Avec la sortie de la crise sanitaire, les entreprises entendent encadrer le télétravail. Aux États-Unis, les entreprises commencent ainsi à faire pression sur leurs employés afin qu’ils reprennent le chemin des bureaux. Wells Fargo, JPMorgan Chase et Morgan Stanley figurent par les sociétés le plus insistantes pour mettre un terme au régime dérogatoire issu de la crise sanitaire. Les entreprises technologiques comme Meta et Microsoft demandent également à leurs salariés de revenir sur site. La plupart des grands campus de la Silicon Valley ont prévu le retour à la normale d’ici la fin avril. Apple éprouve des difficultés à restaurer la situation d’avant-crise. En mars, elle a simplement imposé à son personnel de venir au moins une journée par semaine sur site. D’ici le 23 mai, ce nombre passera à trois. Citigroup, HSBC et Standard Chartered, face à la pression de leurs salariés, ont accepté le maintien d’un ou plusieurs jours en télétravail. Longtemps considéré comme exceptionnel, le télétravail est devenu la norme pour de nombreux salariés avec la crise,
La crise sanitaire a prouvé qu’un quart des salariés pouvait travailler où qu’ils se trouvent. Les études sur les conséquences de ce mode d’organisation sur la productivité, la collaboration et l’innovation sont contradictoires. Plusieurs soulignent néanmoins que le télétravail aurait des effets délétères sur le comportement des employés. Même l’hybridation, associant présentiel et télétravail, ne serait pas sans incidence sur la vie des entreprises.
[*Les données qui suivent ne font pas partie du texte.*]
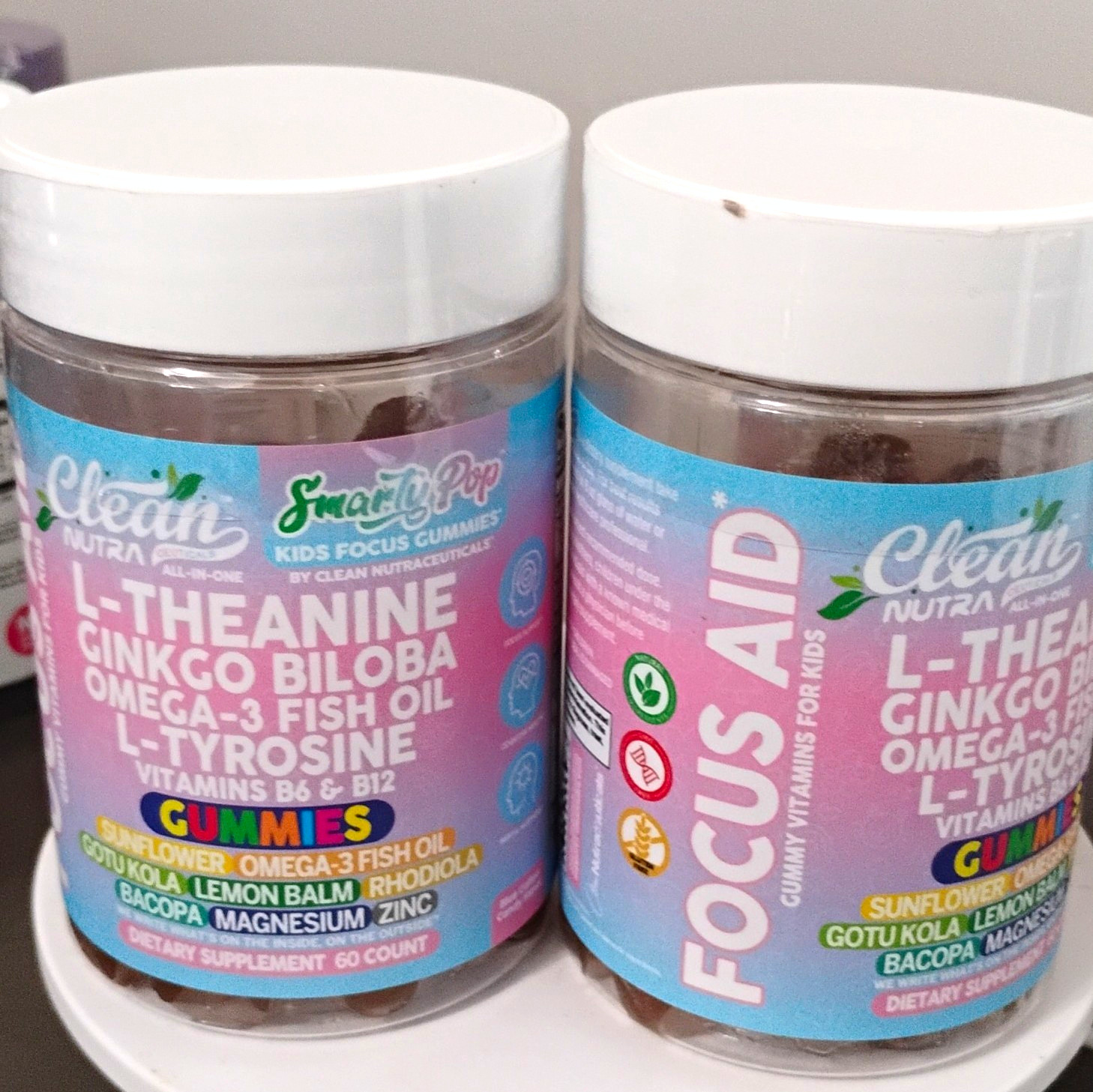 Clean Nutra SmartPop Kids Focus Gummies L-Theanine Ginkgo Omega-3 60ct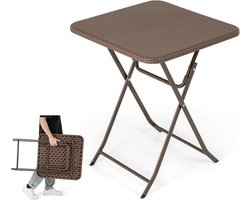 KOMFOTTEU Opvouwbare picknicktafel voor 2 personen, met HDPE-blad, vierkante terrastafel met rotantextuur, metalen frame, geen montage, voor binnen en buiten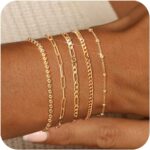 adoyi Gold Bracelets for Girls, 14K Gold Plated Stackable Bracelet Sta... - Image 2
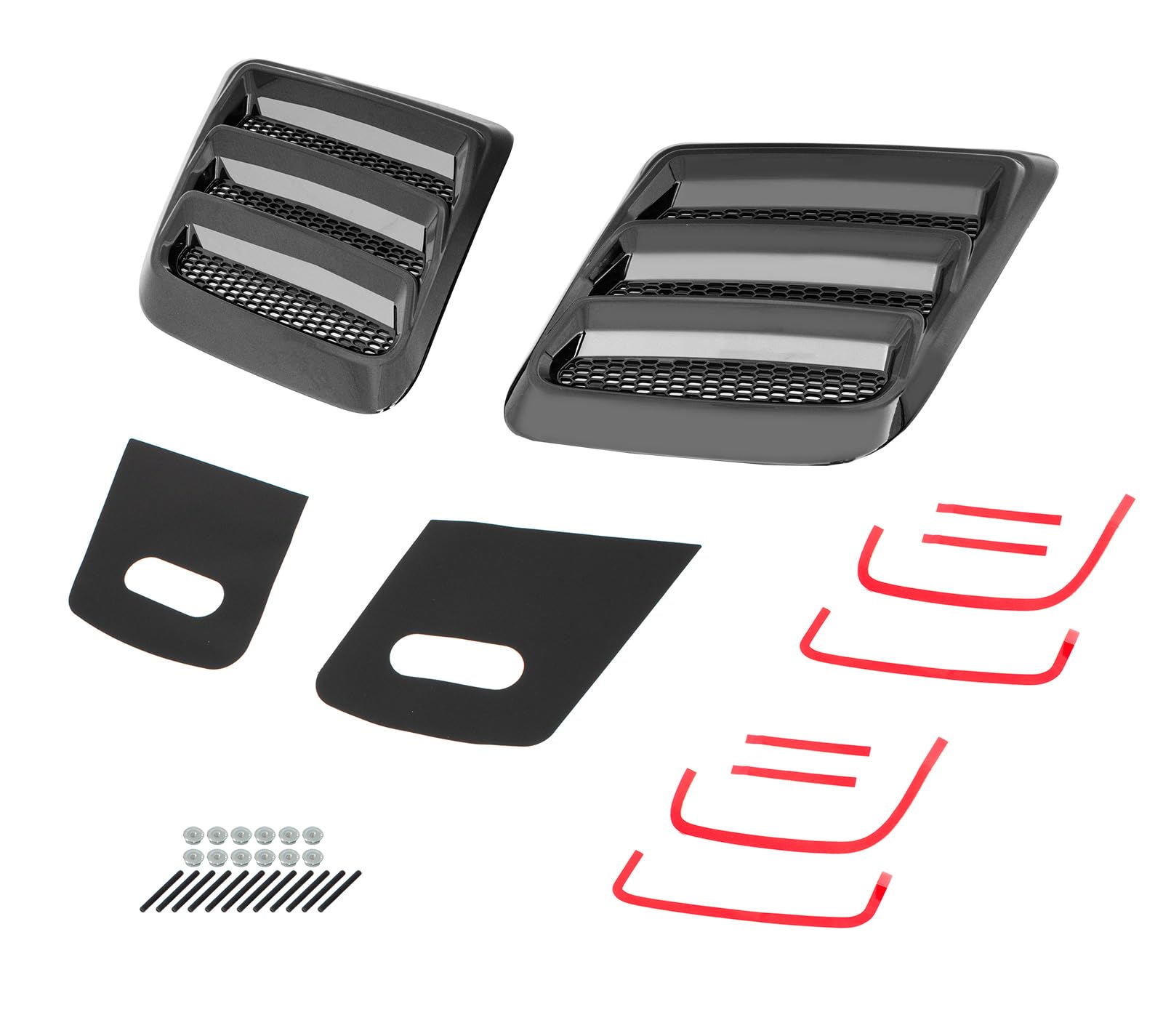 Roush 422325 Hood Vent Heat Extractors Gloss Black Pair for 2018-2023 Ford Mustang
Passer en moyenne trois jours par semaine au bureau pourrait limiter les rencontres entre deux travailleurs de 64 % par rapport aux normes prépandémiques. Si ce nombre de jours est ramené à deux, le déficit atteint 84 %. La diminution des interactions entraînerait des conséquences psychologiques et jouerait en défaveur de la créativité. Dans les années 1970, Thomas Allen, un spécialiste de la gestion, a découvert que la communication entre les employés de bureau diminuait de façon exponentielle avec la distance entre leurs bureaux ; ceux d’étages séparés ou de bâtiments séparés ne se parlaient presque jamais. Une étude portant sur plus de 60 000 employés de Microsoft, un géant de la technologie, au premier semestre 2020 a montré que les travailleurs virtuels étaient également moins susceptibles de se connecter avec des personnes dont ils n’étaient pas déjà proches. Google tend à remédier à ce problème en proposant des systèmes performants de « chat » aux entreprises. L’objectif est de faciliter les échanges. Depuis le début de la crise sanitaire, les managers ont tendance à multiplier les réunions et les rendez-vous en ligne pour conserver le contact avec leurs collaborateurs au risque de générer de l’ennui. Les managers sont de plus en plus nombreux à faire remonter des informations sur la passivité croissante des salariés durant les réunions virtuelles. Ces derniers y participent tout en suivant les différents « chats » auxquels ils sont rattachés, en menant des travaux en parallèle voire en surveillant leurs enfants.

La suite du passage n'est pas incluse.